This trend is due to population growth centered in cities, newly created cities, and annexations of formerly unincorporated areas into cities, a trend further revealed by the population growth in the five largest cities in King County. Furthermore, King County added eight new cities, going from 31 incorporated cities in 1990 to 39 cities in 2018. However, while the population residing in unincorporated areas of King County is on the decline, its population still ranks second behind the City of Seattle. 

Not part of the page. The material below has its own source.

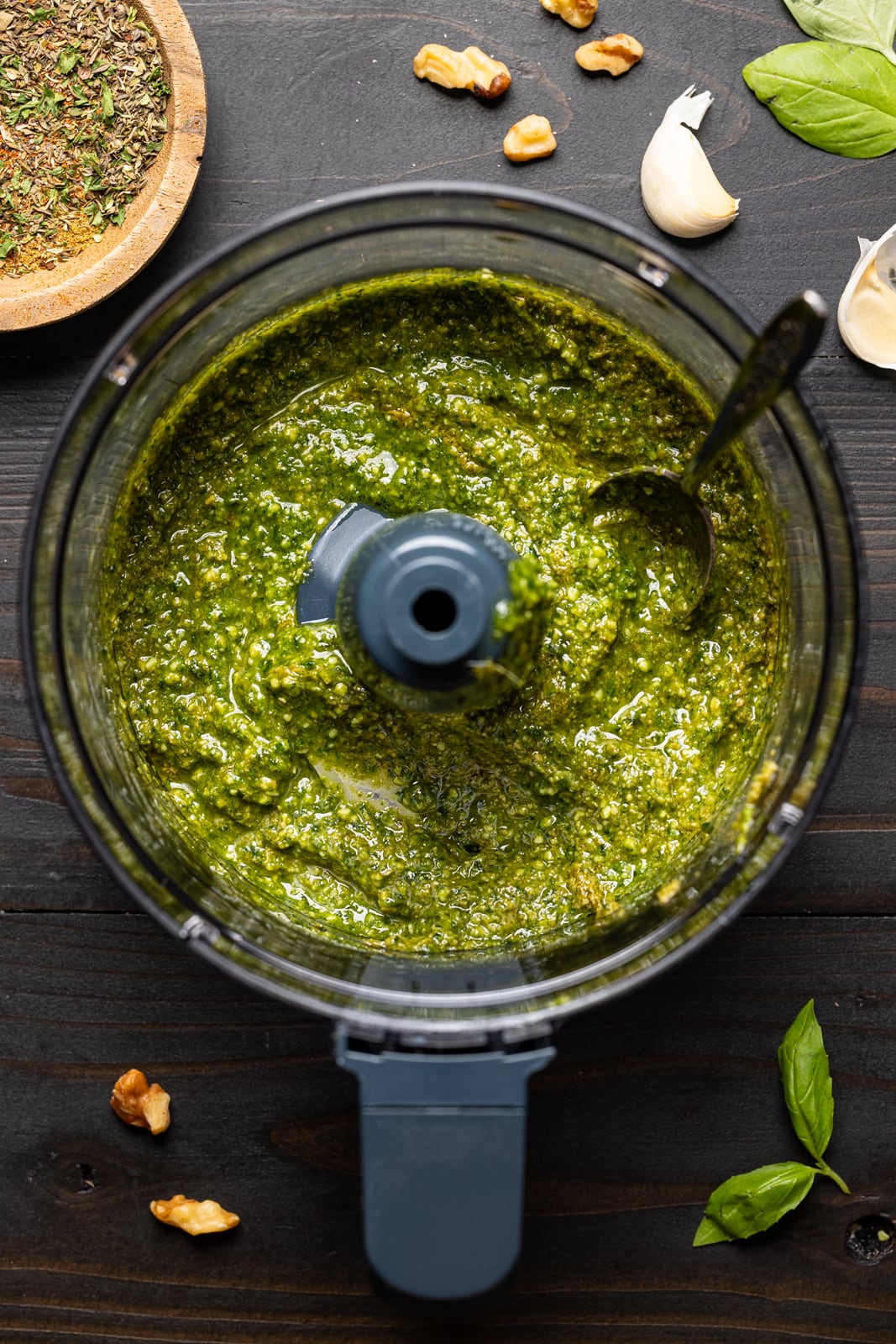 Sauce in a food processor with a spoon and garnish of walnuts, garlic, herbs and seasonings, and basil leaves.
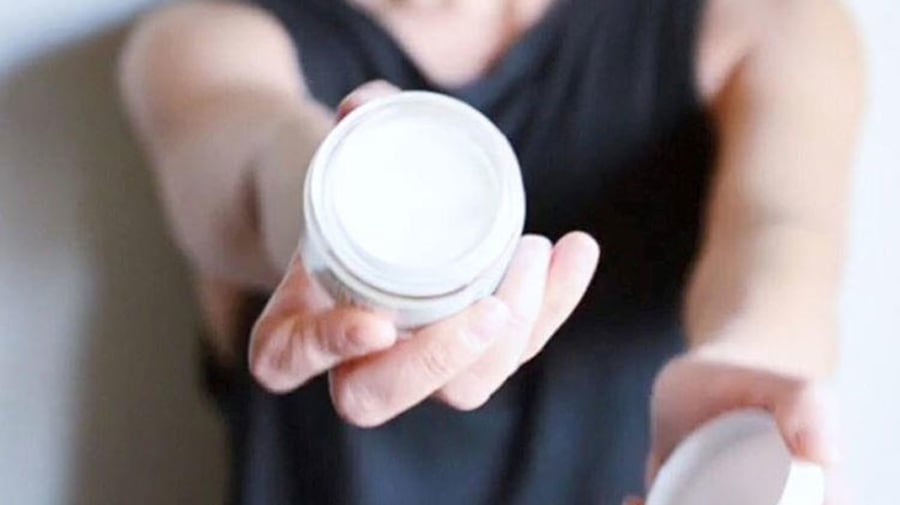 woman holding fragrance free product in jar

Even with rapid population growth and changing demographics in terms of countries of origin and racial makeup, the types of households in which King County residents reside have remained largely unchanged since 2000. As of 2017, 60% of King County residents live in family households - married with or without children, or single parent households. About 29% of King County residents live alone, while the remaining 11% live in other non-family household arrangements. 

The breakdown of household types is similar for the United States as a whole, although a higher proportion of US residents, nearly 66%, live in family households. Single-parent households are more prevalent in the United States than in King County, while non-family households hold a smaller share of the US population than that of King County

*Business goal:* 

The goal of this project is to identify relevant variables that impact the optimal sale price of homes in the greater Kings County, Washington area.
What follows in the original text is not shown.